Froggy will be going to the UK with me, once I add his eyes. 
He's a gift for fellow blogger 
Thomasina Tittlemouse, whom I plan to meet on my visit.  

But back to my projects. . . . It's interesting that I immediately replaced one form of work (teaching) with other employments (knitting and sewing) but have enjoyed my quite labors and am happy that I've just about completed with my projects now, though, and should perhaps start studying some guide books, so that I can navigate the trains and Tube when I get to London, with my new coat and vest and dress in tow.  Of course, sitting on the table in my dining room is a new pattern for a cute floral hat and some fabric to complete it.  This rather romantic-looking item might be just the thing to wear in the English countryside--just perfect for a day trip to Highclere Castle.  Of course, I need to actually figure out how to get from point A to Z before I go to England, so that I'm not wandering aimlessly in my romantic attire, like some agonized Bronte heroine, who inevitably ultimately collapses on the moors. However, I might as well look good (or at least eccentric) in my journeying, rather than feeling inappropriately dressed for whatever adventures or misadventures come my way.  

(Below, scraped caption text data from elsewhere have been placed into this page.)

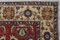 Sultanabad Style Hand Woven Traditional Rug 7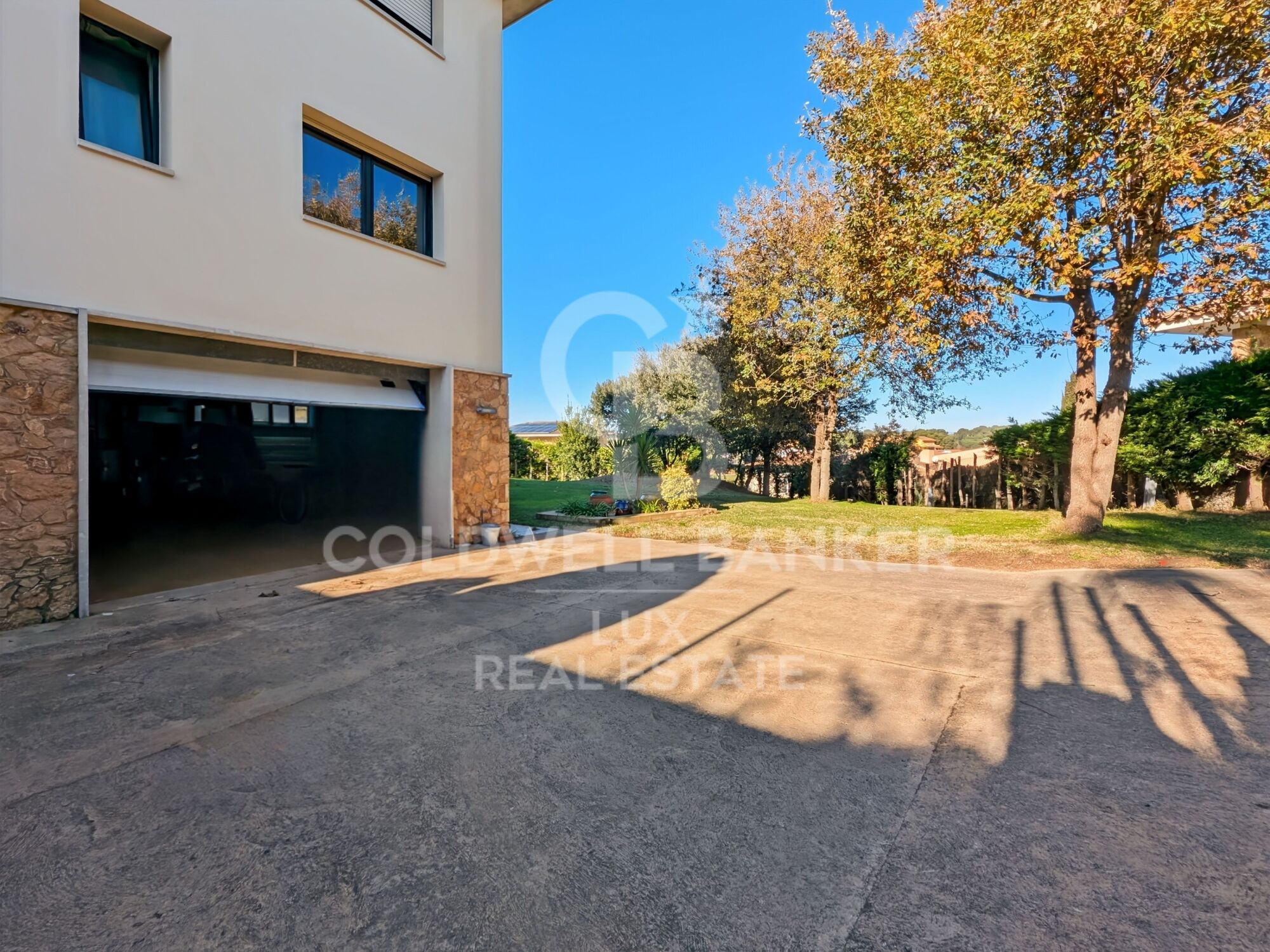 Casa de lujo con piscina interior en L'Escala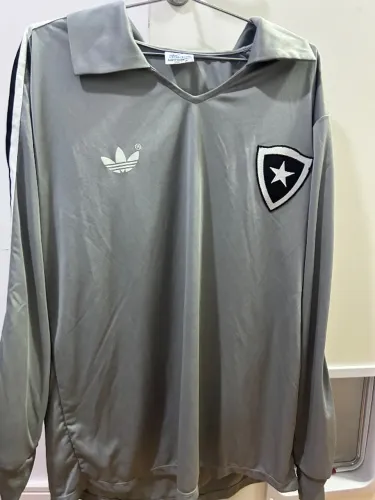 2 camisas Botafogo pelo preço de 1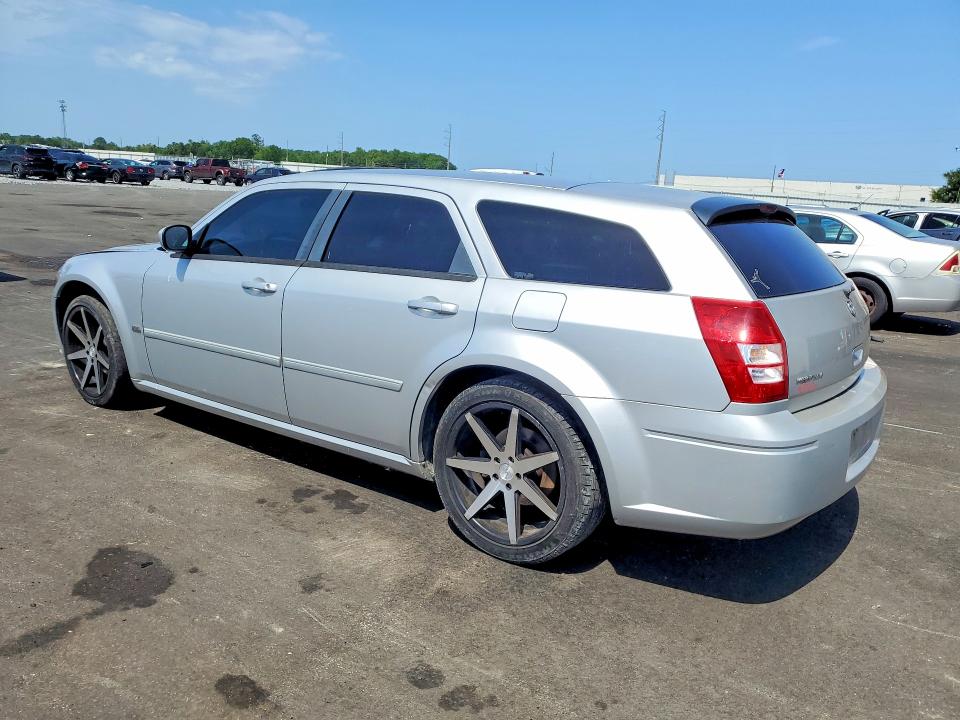 Aukcja sprzedaży 2006 Dodge Magnum, vin: 2D4FV47V56H392341, numer aukcji: 54994826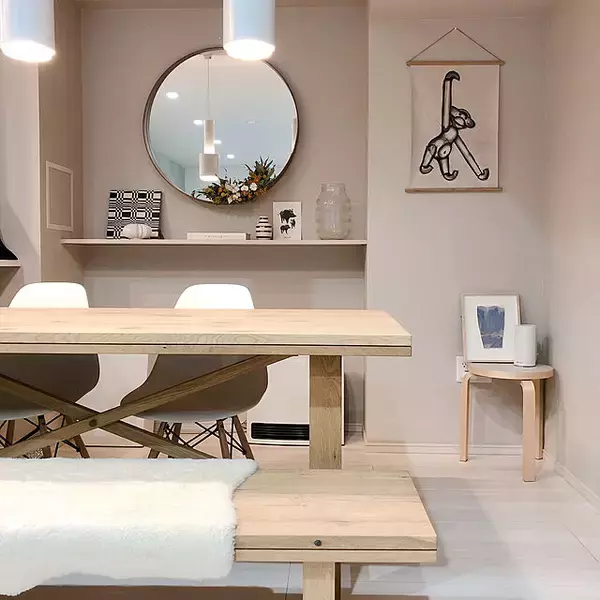 「お部屋を華やかにする☆IKEAのデコレーションアイテム」の画像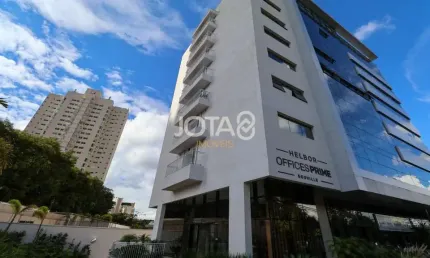 Ponto comercial para alugar na Rua Deputado Heitor Alencar Furtado, 3870, Ecoville, Curitiba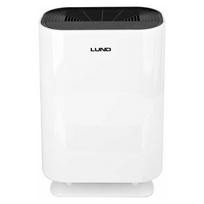 66930 LUND ORO VALYTUVAS 40W 220M3/H HEPA 4 VALYMO ETAPAI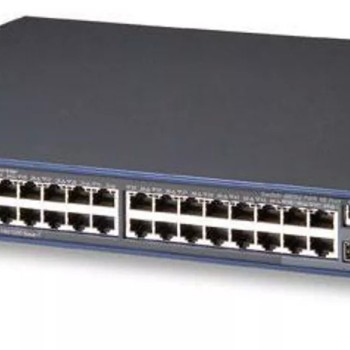 Switch 4800G 48-Port Full IPv4/IPv6 Capabilities L3 Managed Network Switch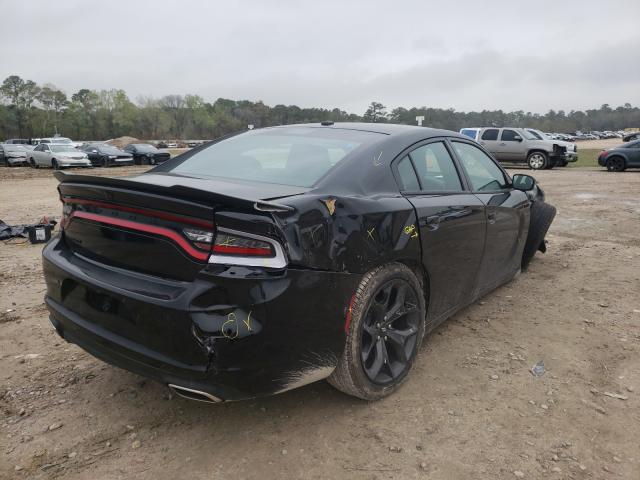 Photo 3 VIN: 2C3CDXBG4LH234537 - DODGE CHARGER SX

I am also bringing my typical wardrobe of jeans, khaki pants, clogs, etc. and don't have a single floaty dress or Laura Ashley flowered creation to bring with me--although maybe I should make a trip to the yarn shop.  A lacy shawl might be just the thing to keep me busy on the plane.    

My dress and jacket are almost finished here.  I made a scoop in the
front of hem, since I've seen that style in the stores lately and wanted
to update the style a bit. 

This coat, unlike the simple dress, required lots of tedious work.  I still
have to tack the lining down in places, but otherwise it's done. 

My green item turned out to be a perfect teacher dress,
but I'll still probably take it with me in case the weather is warm.